Experimental methods

Materials

Cardanol was obtained from Sathya Cashew products Chennai. Formaldehyde, N-methyl 2-pyrrolidone, sodium hydroxide, potassium permanganate, chloroform, and hydrazine hydrate were purchased from Merck and were used as received. Diglycidyl ether of bisphenol – A (DGEBA epoxy resin) (LY556) was utilized as matrix resin in the present study and it was received from Ciba-Geigy Ltd. Natural graphite was purchased from Active Carbon India Pvt. Ltd., India. Sulfuric acid (H2SO4, 95–98%) was purchased from Ranbaxy Chemicals, India. Hydrogen peroxide (H2O2) was purchased from SD Fine Chemicals, India. Sodium nitrate (NaNO3), caprolactam, sodium hypo phosphate, dimethylformamide (DMF) and diphenyldiaminomethane (DDM) were purchased from SRL chemicals, Chennai.

Synthesis of N,N′-(4,4′-methylenebis (4,1-phenylene))bis(6-aminohexanamide)-(CPA)
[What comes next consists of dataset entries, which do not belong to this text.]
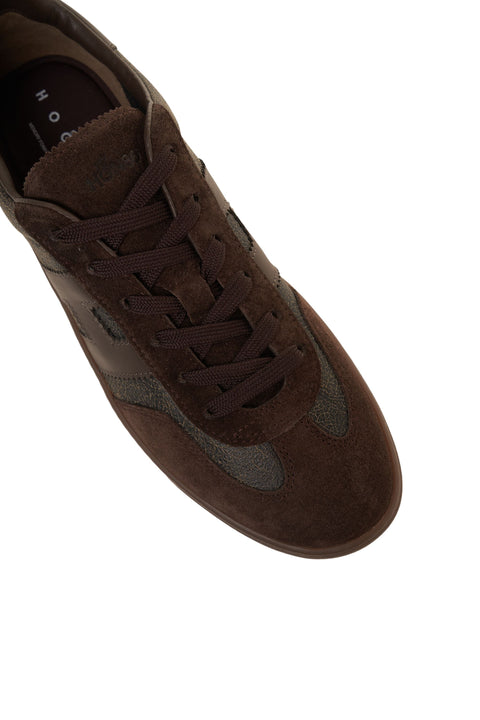 Sneakers 'Cool'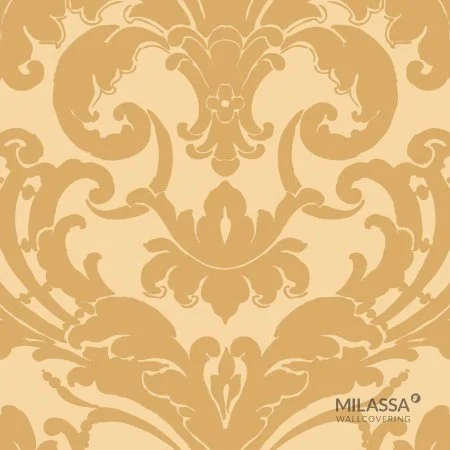 Обои Milassa Swan SW3, 004 в Стерлитамаке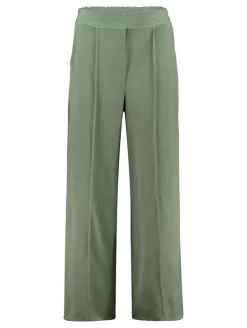 Trouser Mi44raa lkhaki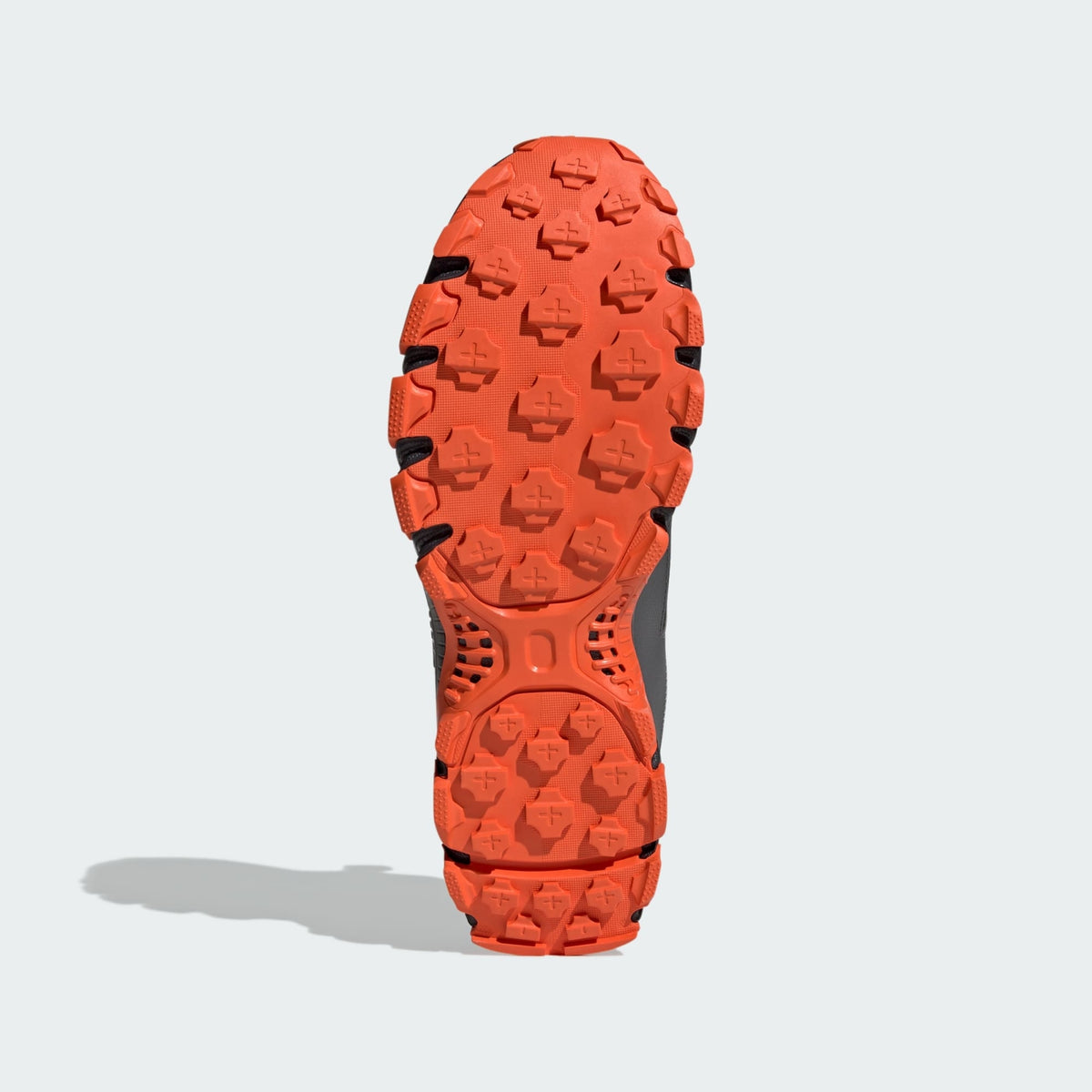Adidas Terrex Rockadia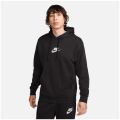 Nike Club+ French Terry Herren Kapuzensweater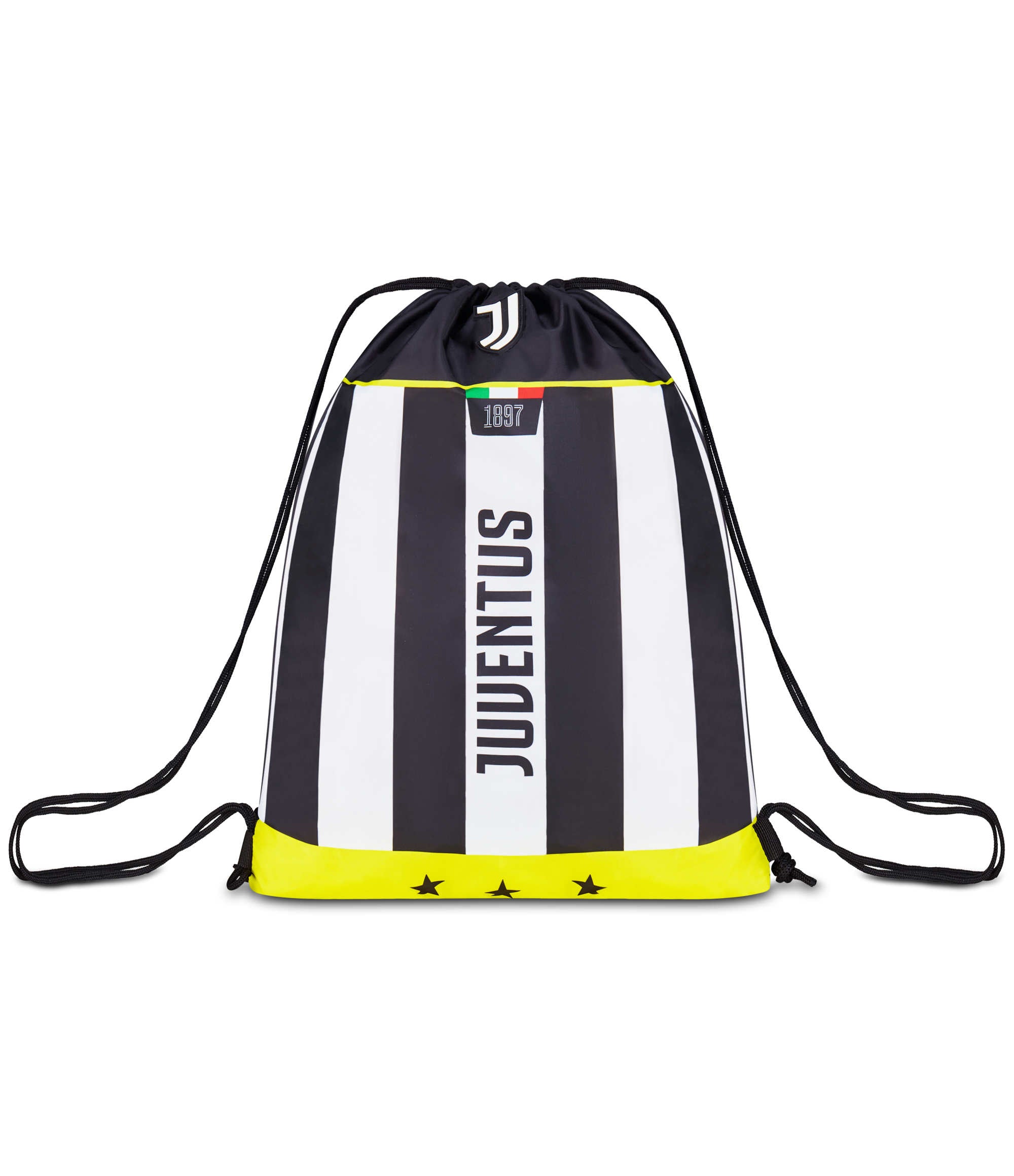 Juventus Easy Bag - Magic Goal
CPA was synthesized as per modified procedure reported earlier by our research group.20 In a 250 mL two necked round bottomed flask equipped with condenser, 100 mL of N-methyl pyrrolidone (NMP), 10 g (0.0883 mol) of caprolactam, 7.8 g (0.0442 mol) of 4,4′ methylenedianiline and 5 mg of alkali hypo phosphate catalyst were added. The mixture was allowed react at 100 °C for 24 h with efficient agitation to facilitate completion of reaction. The product was filtered by separation (yield 85%) (Scheme 1).
image file: c4ra14383c-s1.tif
Scheme 1 Synthesis of CPA.

Synthesis of CPA–cardanol benzoxazine (CBZ)

To the CPA (5 g, 0.011 mol) in chloroform, formaldehyde (1.4 g, 0.047 mol) was added and stirred for 30 minutes at 0 °C. Subsequently, 7.42 g of cardanol (0.023 mol) was added to the reaction mixture and stirred for overnight at 70 °C. After the completion of reaction, the reaction mixture was extracted with ethyl acetate and washed with 2 N NaOH, water, brine and concentrated the organic layer to obtain the product (yield 95%) (Scheme 2) and preserved for further use.
image file: c4ra14383c-s2.tif
Scheme 2 Synthesis of CPA–cardanol benzoxazine (CBZ).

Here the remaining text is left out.